Climate dynamic factors influencing Holocene speleothem δ18O changes in Kesang [21,22] and Baluk [23] caves in NW China are more complex. A synthesis of speleothem δ18O records from Central Asia (Uzbekistan to western China) reflects a supra-regional pattern of climate variability on orbital to millennial timescales [196], but local hydroclimatic changes during the Holocene are not in phase with the orbitally paced, regional signal of the Asian monsoons. For example, carbon-isotope and trace-element proxies of hydroclimate are shown to lag the supra-regional climate variability by up to several thousand years. Cai et al. (2017) [22] proposed that both moisture source and the amount of precipitation contributed to δ18O variability in the Kesang Cave during the early and middle Holocene. On the other hand, the Baluk δ18O record strongly suggests a link between hydroclimatic variability in northwestern China and solar activity on centennial-to-multi-decadal timescales [23]. In the following discussion, we focused on the Holocene records from the monsoonal China.

4.3.2. Spatio-Temporal Distribution of δ18O Records During the Holocene

In the lower-latitude monsoonal region, the increasing δ18O trend observed (waning of the Holocene Climatic Optimum; hereafter HCO) commenced as early as ~7.5 kyr BP, while at higher latitudes this excursion started progressively later: ~7.0 kyr BP in the Dongge record, ~5.3 kyr BP in the Heshang record, ~4.7 kyr BP in the Sanbao record and ~4.5 kyr BP in the Jiuxian record [75]. This meridional pattern of HCO waning suggests an asynchronous change in EASM intensity during the Holocene, which could be explained by the response of a coupled tropical and subtropical monsoon system to changes in insolation gradients and, in turn, variable thermal forcing associated with the regional geographical configuration [75]. SST variability in western tropical Pacific may also have an important influence on EASM variability in central and northern China via its impact on WPSH, which regulates monsoon front migration.
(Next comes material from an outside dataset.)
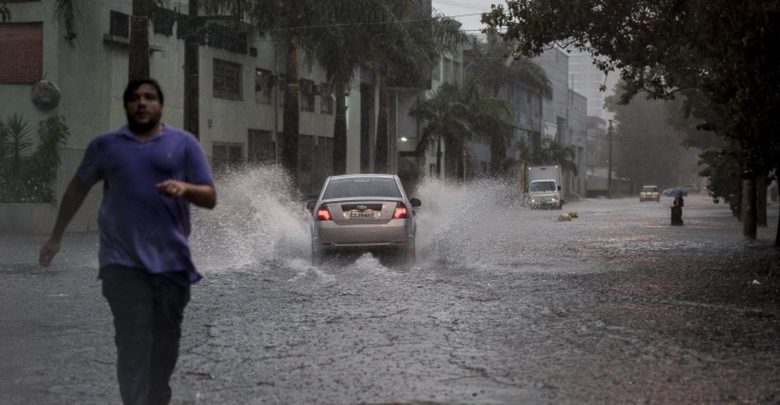 Temporal mata duas pessoas e alaga regiões da Grande São Paulo chuva em sao paulo 2 780x405 - Temporal mata duas pessoas e alaga regiões da Grande São Paulo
Higher SST in the western tropical Pacific can force a northward migration of the subtropical high over East Asia, which implies a northward shift of the monsoonal front and associated rain band. This hypothesis was reinforced by a new Holocene record from Shigao Cave, SW China [125], that shows an increasing trend starting at ~6 kyr BP and that is in agreement with the spatial pattern proposed by Cai et al. (2010) [75]. Some studies also suggested that the spatially asynchronous ending of the HCO in Asia may be attributed to SST changes in the western tropical Pacific [75,125], which is an important moisture source region of the East Asian monsoon.
To estimate the timing and duration of the HCO in Chinese stalagmite δ18O records, we analyzed 10 Holocene records using RAMPFIT [225]: Lianhua (Shanxi) [82], Jiuxian [75], Xianglong [151], Sanbao [113], Heshang [15], Lianhua (Hunan) [81], Dongge [8,45], Shigao [125], and Tianmen [25] cave records. RAMPFIT is a weighted-square method commonly used to determine a ramp between different states of a variable in a time series [225]. Our results show that the HCO, as identified by low δ18O values, is spatially synchronous from South to North China (Figure 7). This disagreement with previous findings is partially attributable to dating uncertainties and different δ18O temporal resolutions. However, the actual spatio-temporal pattern and underlying mechanism may be more complex than has previously been recognized [75]. The results presented here call for more high-quality Holocene records to reconcile these contradicting observations and to gain insights into the processes controlling the HCO signature in SE Asia.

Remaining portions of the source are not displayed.